**DESCRIPTION OF THE TASK**
For this listing, reproduce the line with "Photo #4: OC24211975 Listing", the line with "Prada Footwear оригінал", and the lines between, exactly as they stand. Leave out pictures and all other lines.

**DATA FOR REVIEW**
###
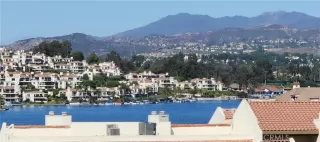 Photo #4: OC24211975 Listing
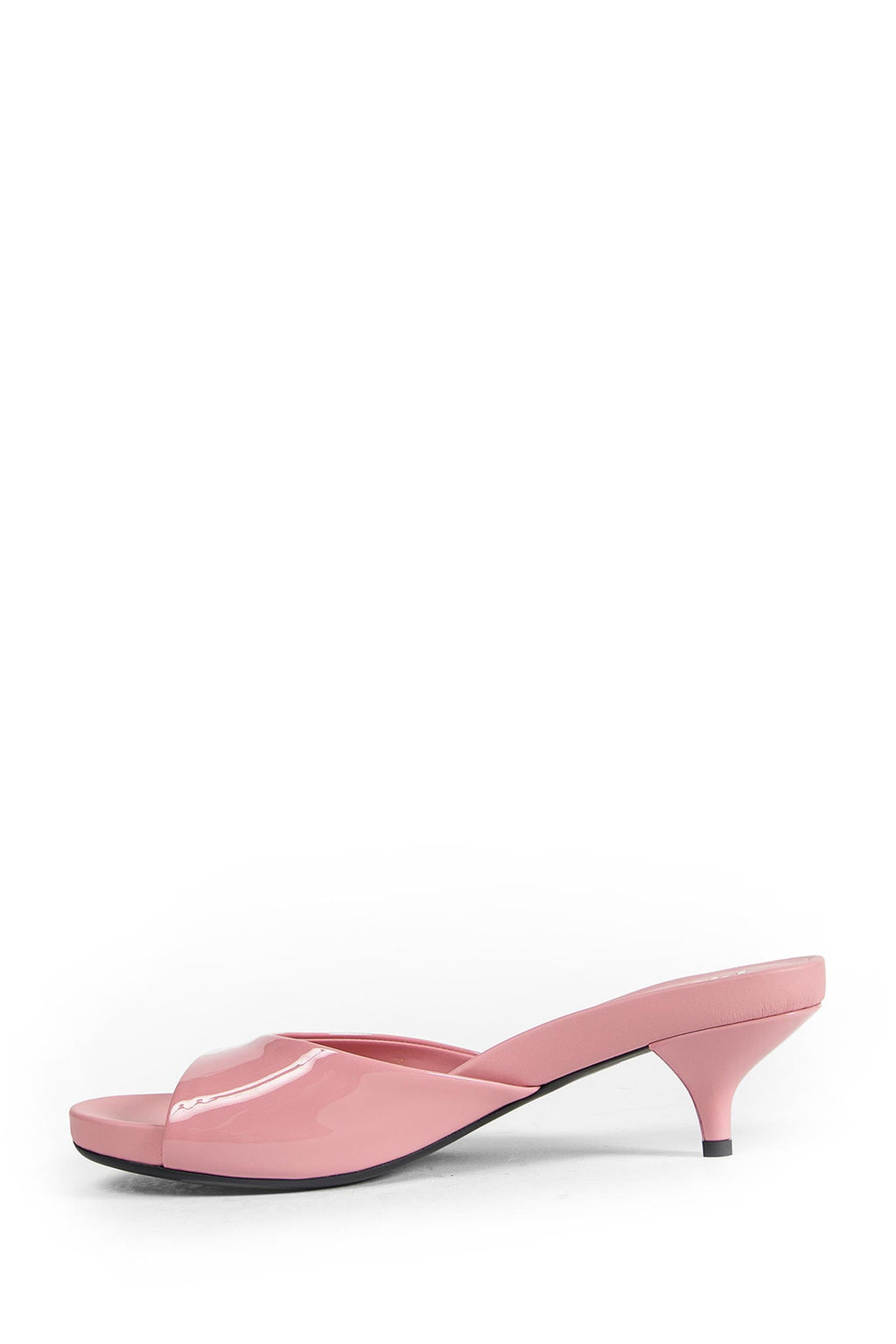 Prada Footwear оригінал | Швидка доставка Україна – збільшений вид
###
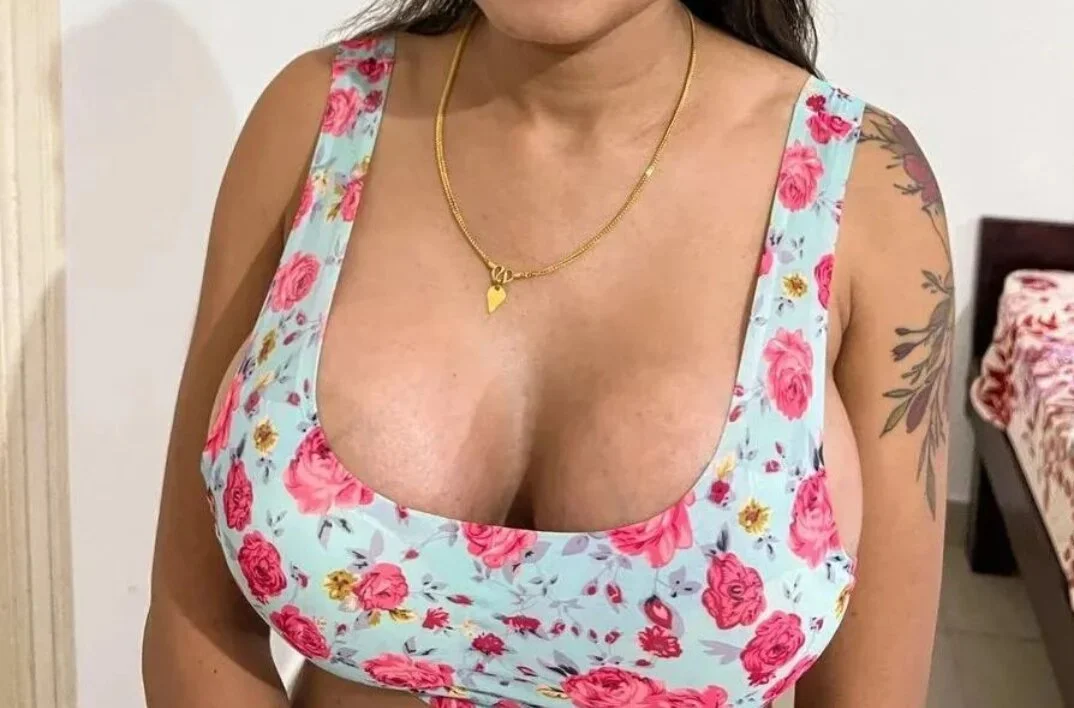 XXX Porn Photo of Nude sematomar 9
###
**PROBLEM SOLUTION**
 Photo #4: OC24211975 Listing
 Prada Footwear оригінал | Швидка доставка Україна – збільшений вид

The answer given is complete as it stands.